The barrel, at 21", is 3" longer than a standard .303" Rifle No.5.

The top rifle has a longer butt-stock, but the actions are more-or-less aligned.


Civilian barrel proof marks are for 1974 (see Date Your Rifle) and the rifle was re-proved at Birmingham after fitment of the new barrel.

This was barely 3 years after the 1971 conversions of the .303" No.4T Second World War sniper rifles to 7.62mm, in the form of the L42A1 rifle used in the Falklands War.

A 7.62mm NATO calibre service rifle was first introduced to British Forces on the approval for issue of the L1A1 Self Loading Rifle in 1959.

The barrel is considerably tapered, and the barrel reinforce is without the lightening scallops seen on the .303" No.5 Rifle, it is probably a re-profiled barrel from a batch manufactured for the post 1960 conversions of the No.4 rifle from .303" to 7.62mm calibre for reserve stocks after the introduction of the NATO cartridge and the new L1A1 service rifle.

The electro-pencilled markings show that the conversion is of a Fazakerly produced No.5 Mk.I rifle of early 1947 manufacture.

"AC" is the serial no. prefix.

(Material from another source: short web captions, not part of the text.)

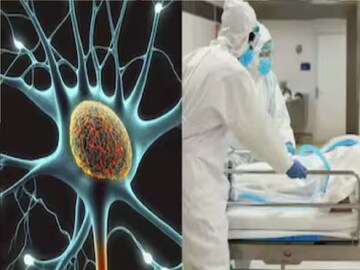 guillain barre syndrome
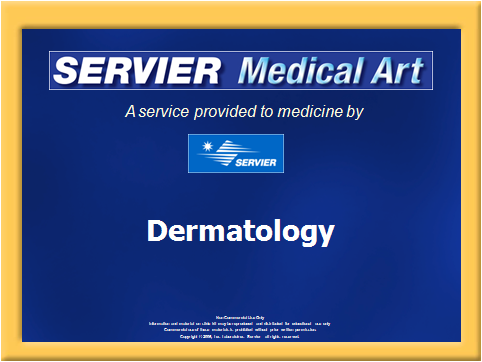 Dermatology Image110
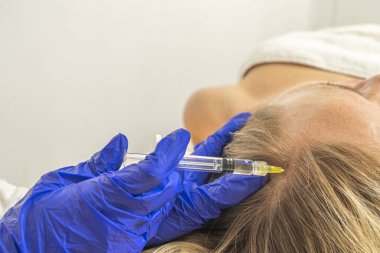 Mezoterapi prosedürü. Bir kozmetik uzmanı bir kadının kafasında mezoterapi prosedürü uygular. Saçları güçlendiriyor ve uzuyor..
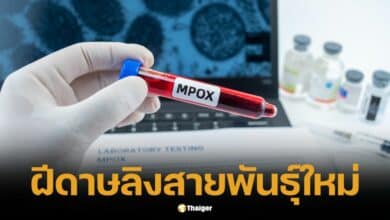 พบผู้ติดเชื้อไวรัสฝีดาษลิง สายพันธุ์ใหม่ ในฝรั่งเศส เจ้าหน้าที่เร่งสอบสวน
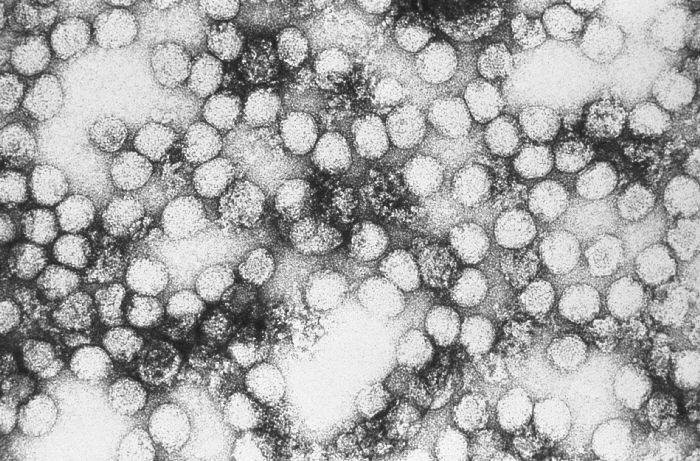 Yellow Fever Virus virions/CDC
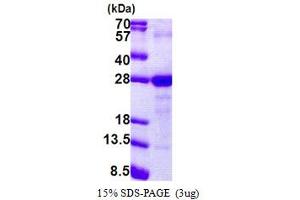 Image no. 1 for Lymphocyte Antigen 6 Complex, Locus G6F (LY6G6F) (AA 17-235) protein (His tag) (ABIN5853149)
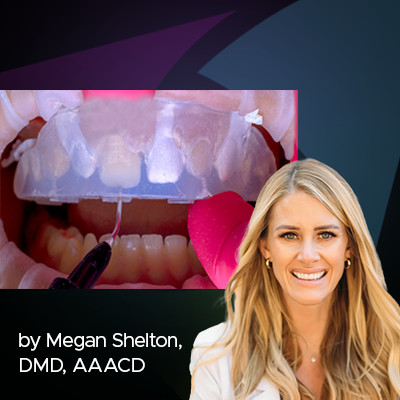 Using Injection Molding Composite Veneers as a Transitional Guide During Orthodontic Treatment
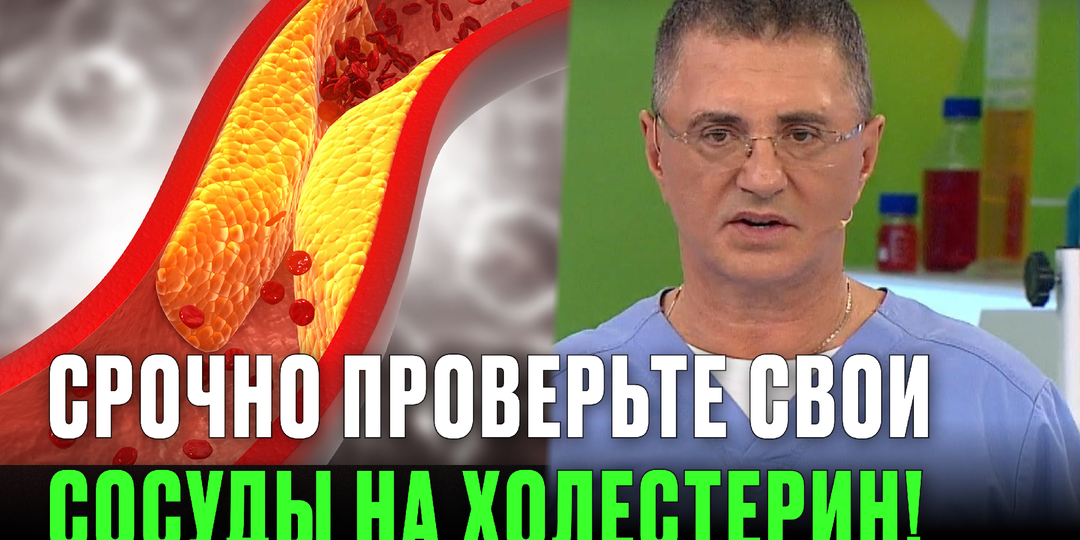 Холестерин зашкаливает, а вы не знаете? 7 простых способов проверить сосуды дома — до инфаркта!
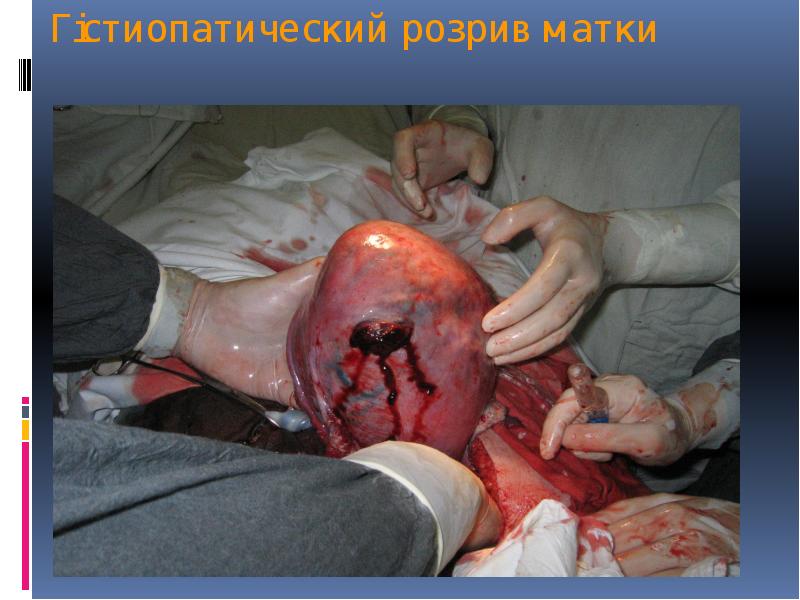 Гістиопатический розрив матки Гістиопатический розрив матки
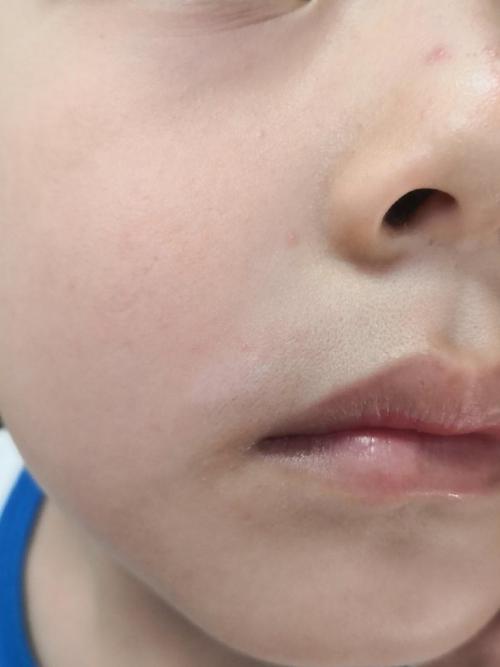 白癜风医疗的饮食禁忌 白癜风医疗的饮食禁忌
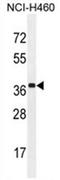 Zinc finger CCCH domain-containing protein 15 antibody, AP54621PU-N, Origene, Western Blot image 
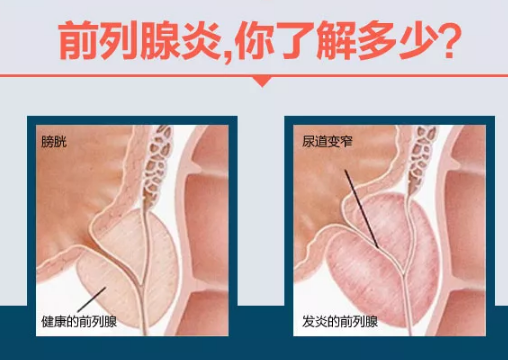 前列腺炎的治愈可能性，理解與探索，前列腺炎的治愈可能性，深入理解與探索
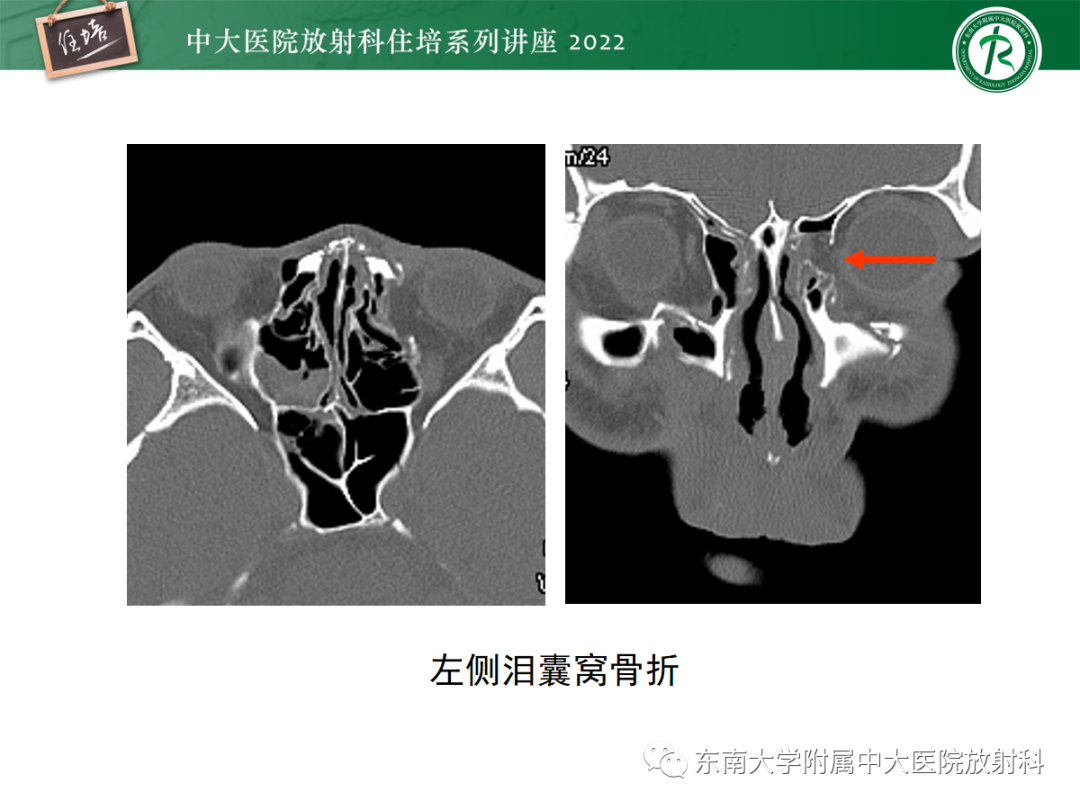 影像PPT - 【PPT】颌面部外伤的影像评估-20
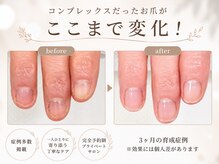 ナユネイル(na_yu.nail)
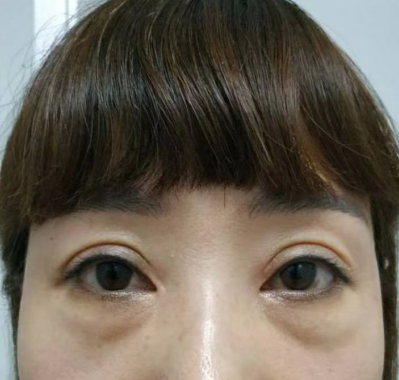 去眼袋手术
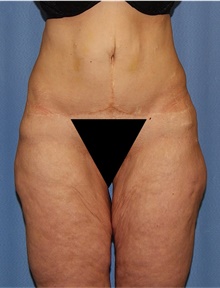 Body Lift Before Photo by Siamak Agha, MD PhD FACS; Newport Beach, CA - Case 43983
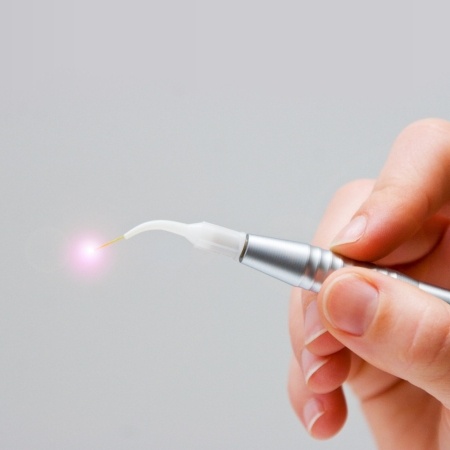 Hand holding a soft tissue laser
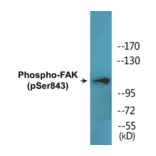 Western Blot - FAK (phospho Ser843) Cell Based ELISA Kit (CBP1721) - Antibodies.com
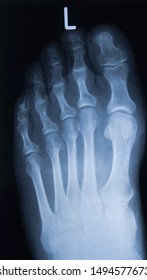 Foot and toes injury xray scan 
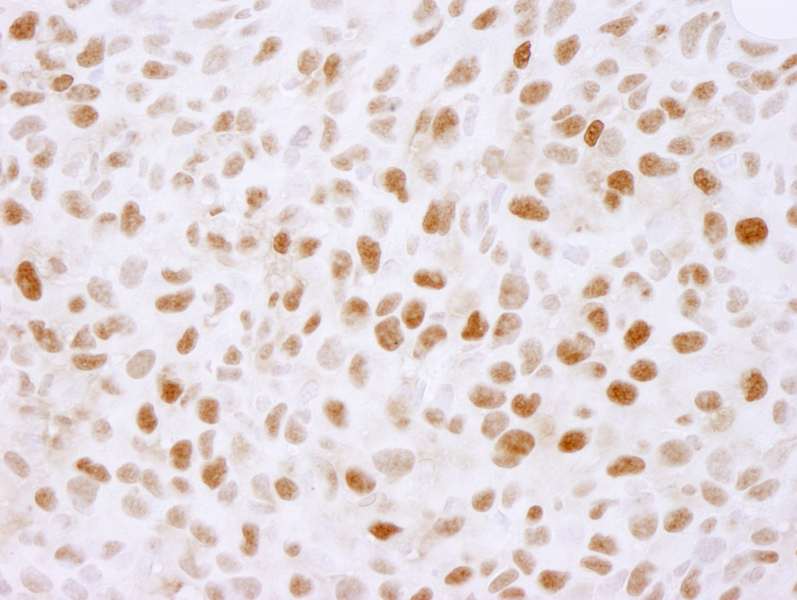 Polyclonal Rabbit anti-Human PLRG1 Antibody (aa464-514, IHC, IF)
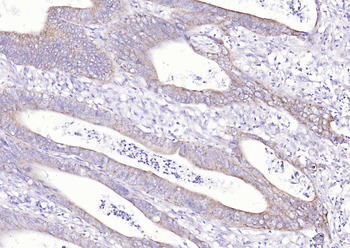 SCD Rabbit Polyclonal Antibody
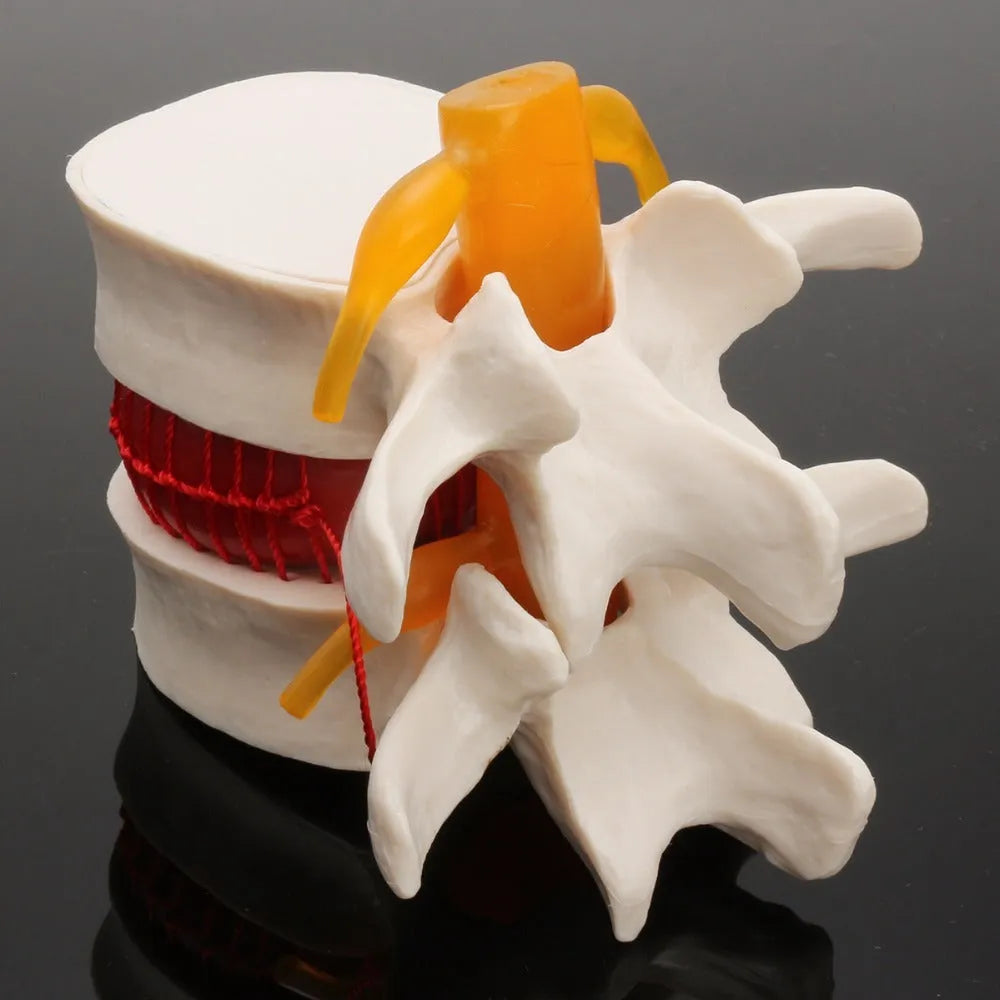 White PVC medical demonstration model of lumbar intervertebral disc showing herniation condition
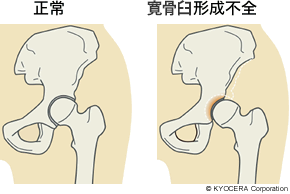 正常 寛骨臼形成不全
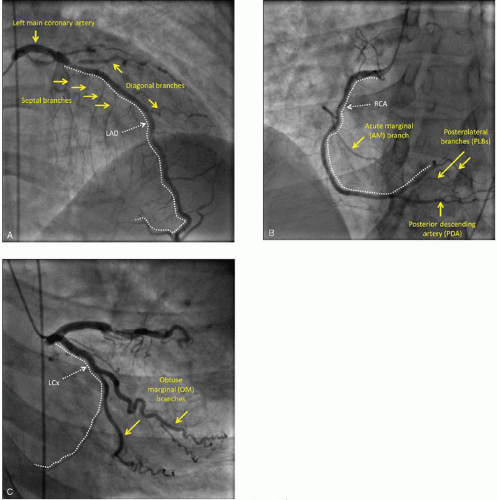 Cardiac Catheterization and Percutaneous Intervention | Thoracic Key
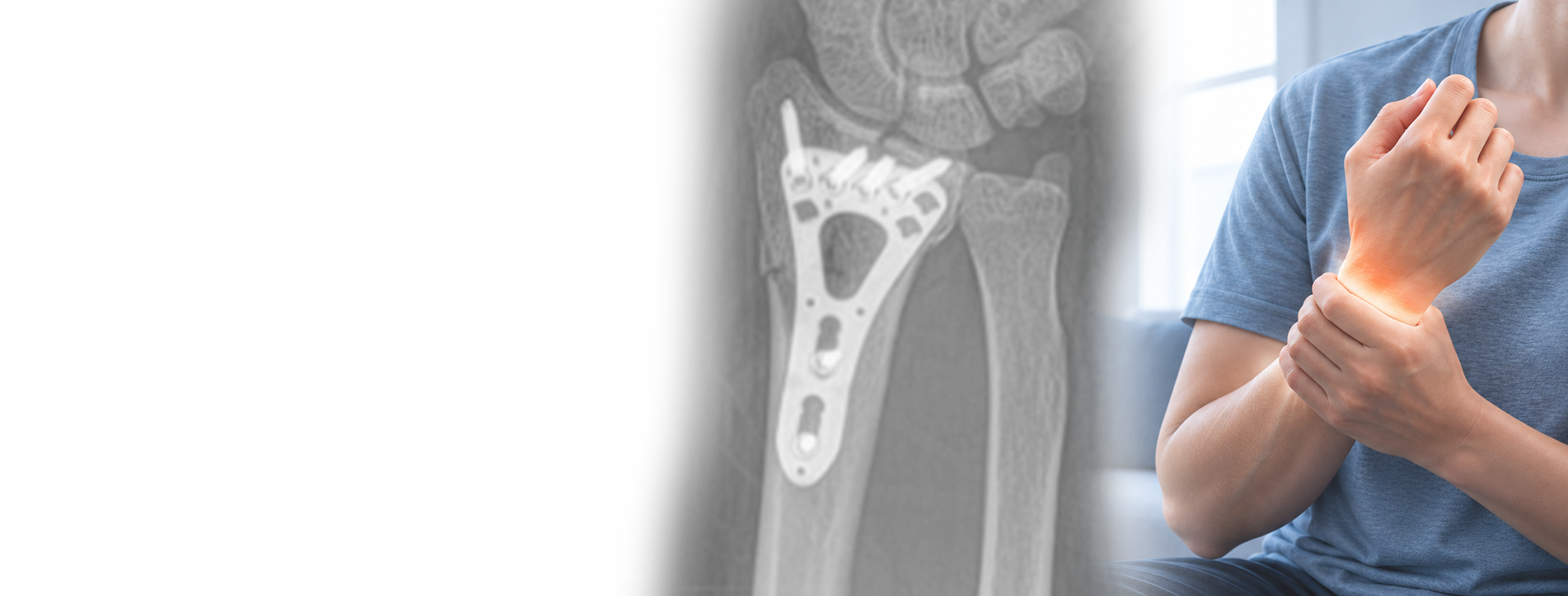 Radius fracture surgery in Mexico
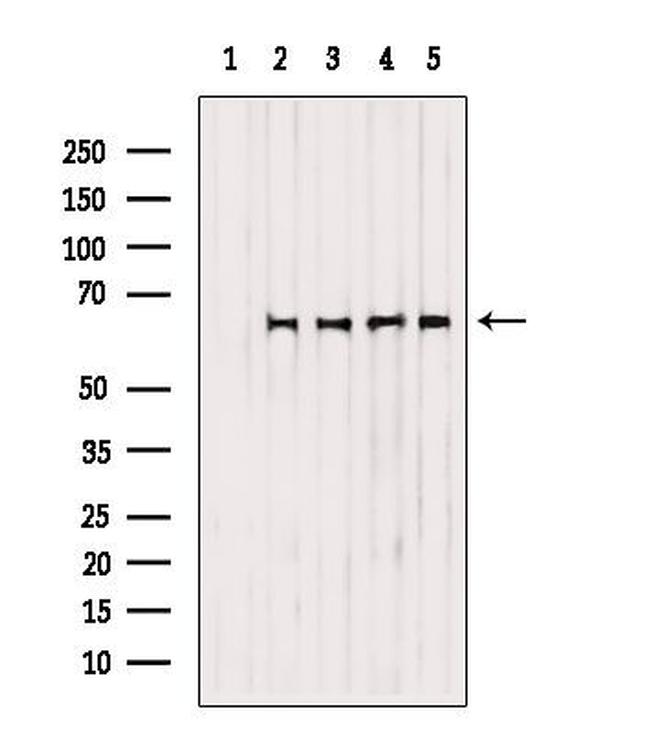 SPTLC2 Antibody in Western Blot (WB)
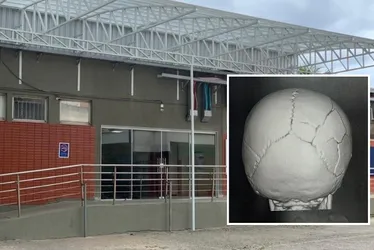 Imagem ilustrativa da imagem Bebê de um ano espancada pelo padrasto na Serra recebe alta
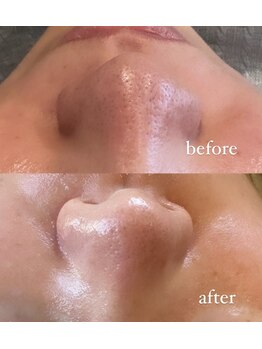 チアリス(chiariss)/富山市/まつげパーマ/眉毛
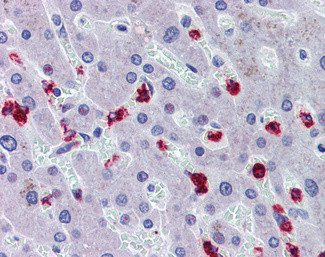 RASSF2 Antibody in Immunohistochemistry (Paraffin) (IHC (P))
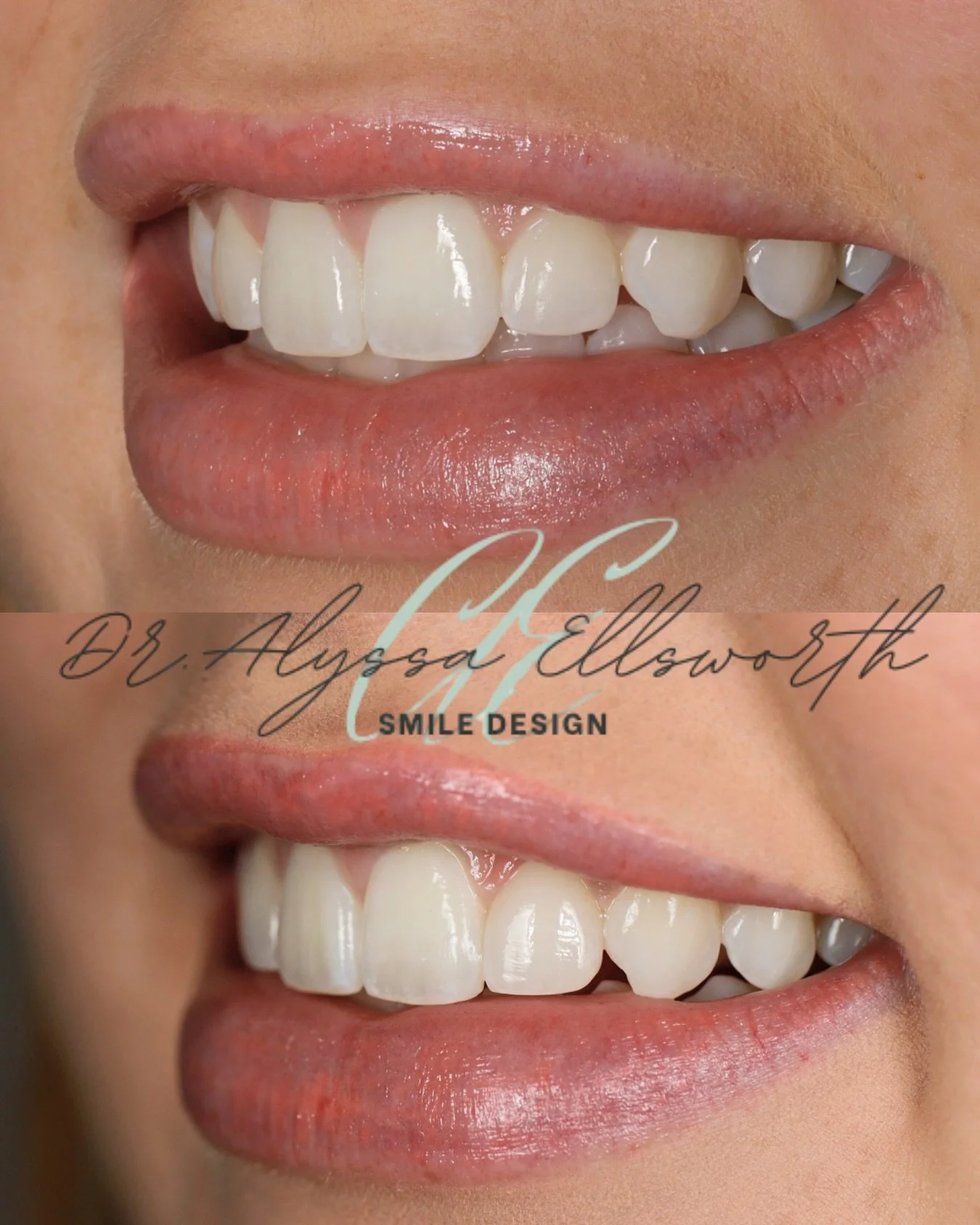 We love a subtle smile enhancement with no numbing and no drilling! Our patient had stubborn lateral incisors (next to the two front teeth) that wouldn’t move with Invisalign, and were small proportionately to her other teeth. We used two NO PR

The number itself has been removed by the machining of the slot for the fitment of the special spring-loaded ejector.

The bolt handle carries the full serial number.

The bolt head is a Fazakerly manufactured item, but carries only the BNP nitro-proof civilian proof mark


The receiver and ancillary parts, as you would expect, bear a number of military"crown" inspection and "Broad Arrow" acceptance marks.

The original crossed pennants military mark, on the rear of the action, is shown above.

Above: the 7.62 chamber and extractor slot

Evident above is the machining of the magazine well to accomodate the special magazine.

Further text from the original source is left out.